(Collected data entries)
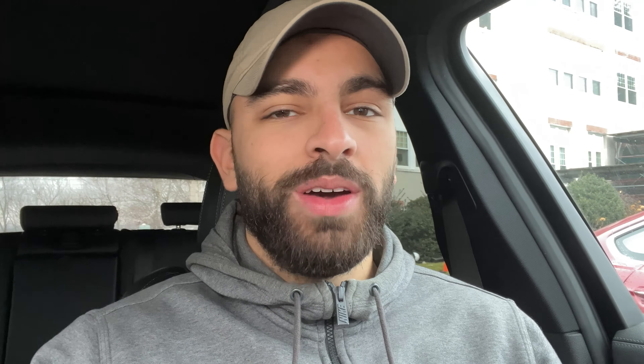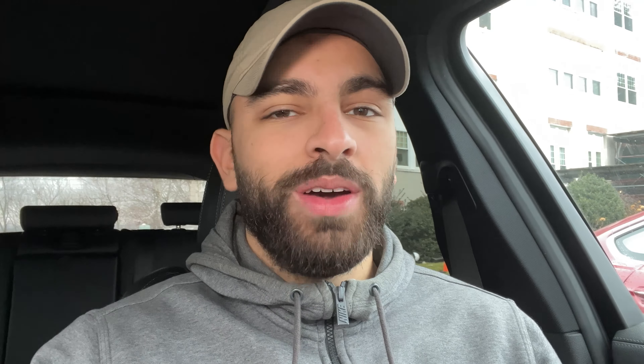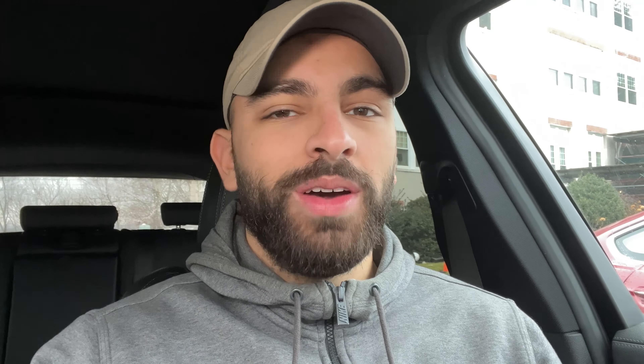If you're wondering whether your car has it, maybe just give it a quick Google. I can't say for every single car — most likely if your car is newer it probably has it, but just Google it and I'm sure you can find it. With that said, let me show you how to actually turn it off.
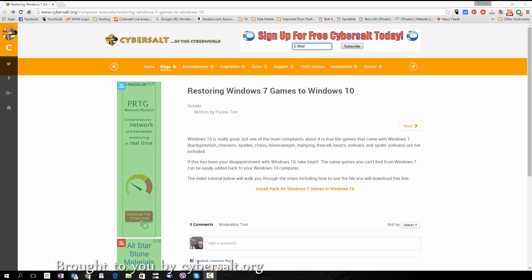This tutorial will show you how to add the games you're missing from Windows 7 into your Windows 10 install. Windows 10 is really great but one of the main complaints about it is that the games from Windows 7 are missing. Those are the games Backgammon, Checkers, Spades, Chess, Minesweeper, Mahjong, FreeCell, Hearts, Solitaire, and Spider Solitaire. But it's an easy process to add those games and here's how.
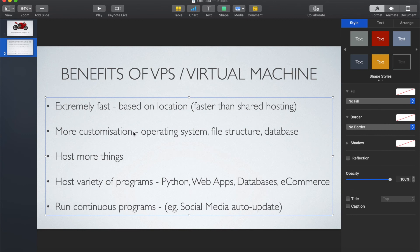If you create your own private server you can set it up exactly the way you want, from the operating system upwards. You have more customization — you can choose your file structure — which enables complex tasks not possible with shared hosting. You can host a web application, a database, an e-commerce or WordPress website, even multiple sites — up to a hundred websites on one VPS depending on its size. You can also run continuous programs, which I'll show you in the second part of this tutorial with a Python program running day and night on the VPS.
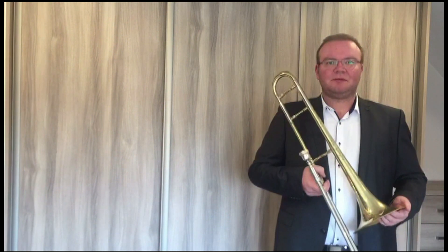Tym, co odróżnia puzon od innych instrumentów dętych blaszanych jest suwak. Za pomocą niego możemy płynnie zmieniać dźwięki.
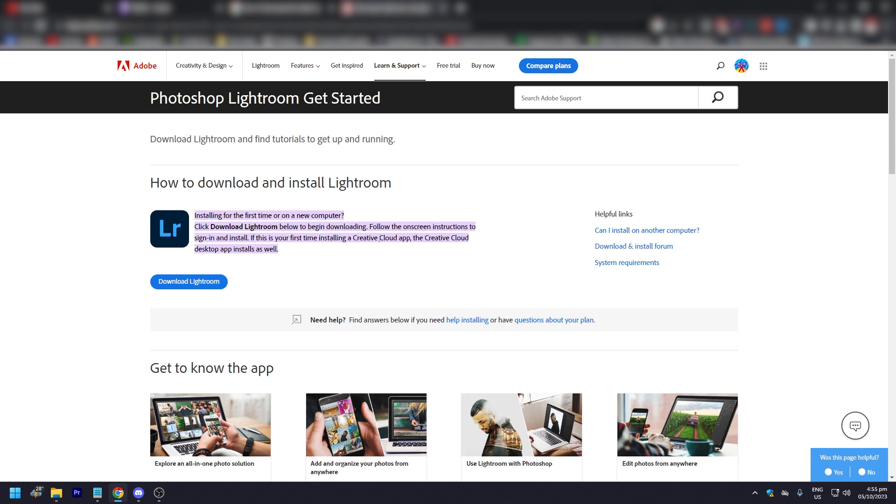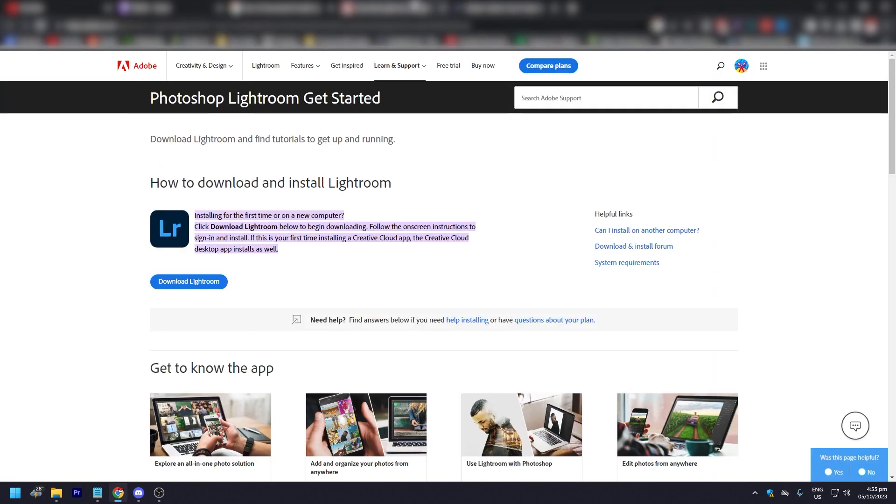So what you want to do is just click on this button right here. As you can see, we're going to be going to Adobe Creative Cloud and we will be needing to sign in, I would assume.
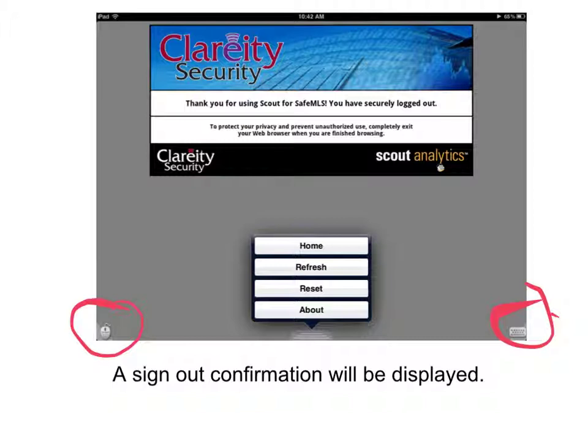When you're done with the system, at the bottom there's a tab. When you press and hold on that tab, located right there, a menu will appear allowing you to go right back to the home of the application, where it will prompt you for your login username and password.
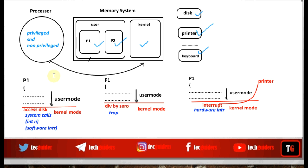When the system is in user mode of execution, it means the processor is at a non-privileged level and is allowed to execute only non-privileged instructions. This is indicated by a particular mode bit within the CPU register. For example, if the mode bit equals 1, the system is in user mode and the processor is at a non-privileged level. When the mode bit equals 0, the system is in kernel mode and the processor is at a privileged level.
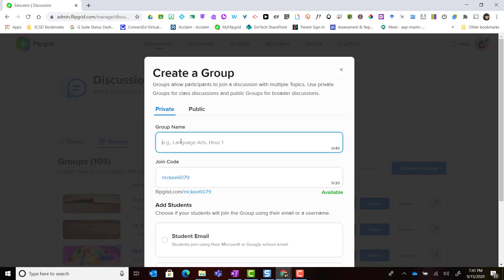I'm going to give my group a specific name and then notice that I can customize my join code. When looking at the join code you want to make sure that it is simple, accessible for all students, and memorable, because you're going to be giving the join code to students who are joining the group on the Flipgrid mobile app on an Android or iOS device.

:: WHAT TO PRODUCE ::
With the pictures stripped out, return each record word for word.

:: OUTPUT ::
If you're wondering whether your car has it, maybe just give it a quick Google. I can't say for every single car — most likely if your car is newer it probably has it, but just Google it and I'm sure you can find it. With that said, let me show you how to actually turn it off.
This tutorial will show you how to add the games you're missing from Windows 7 into your Windows 10 install. Windows 10 is really great but one of the main complaints about it is that the games from Windows 7 are missing. Those are the games Backgammon, Checkers, Spades, Chess, Minesweeper, Mahjong, FreeCell, Hearts, Solitaire, and Spider Solitaire. But it's an easy process to add those games and here's how.
If you create your own private server you can set it up exactly the way you want, from the operating system upwards. You have more customization — you can choose your file structure — which enables complex tasks not possible with shared hosting. You can host a web application, a database, an e-commerce or WordPress website, even multiple sites — up to a hundred websites on one VPS depending on its size. You can also run continuous programs, which I'll show you in the second part of this tutorial with a Python program running day and night on the VPS.
Tym, co odróżnia puzon od innych instrumentów dętych blaszanych jest suwak. Za pomocą niego możemy płynnie zmieniać dźwięki.
So what you want to do is just click on this button right here. As you can see, we're going to be going to Adobe Creative Cloud and we will be needing to sign in, I would assume.
When you're done with the system, at the bottom there's a tab. When you press and hold on that tab, located right there, a menu will appear allowing you to go right back to the home of the application, where it will prompt you for your login username and password.
When the system is in user mode of execution, it means the processor is at a non-privileged level and is allowed to execute only non-privileged instructions. This is indicated by a particular mode bit within the CPU register. For example, if the mode bit equals 1, the system is in user mode and the processor is at a non-privileged level. When the mode bit equals 0, the system is in kernel mode and the processor is at a privileged level.
I'm going to give my group a specific name and then notice that I can customize my join code. When looking at the join code you want to make sure that it is simple, accessible for all students, and memorable, because you're going to be giving the join code to students who are joining the group on the Flipgrid mobile app on an Android or iOS device.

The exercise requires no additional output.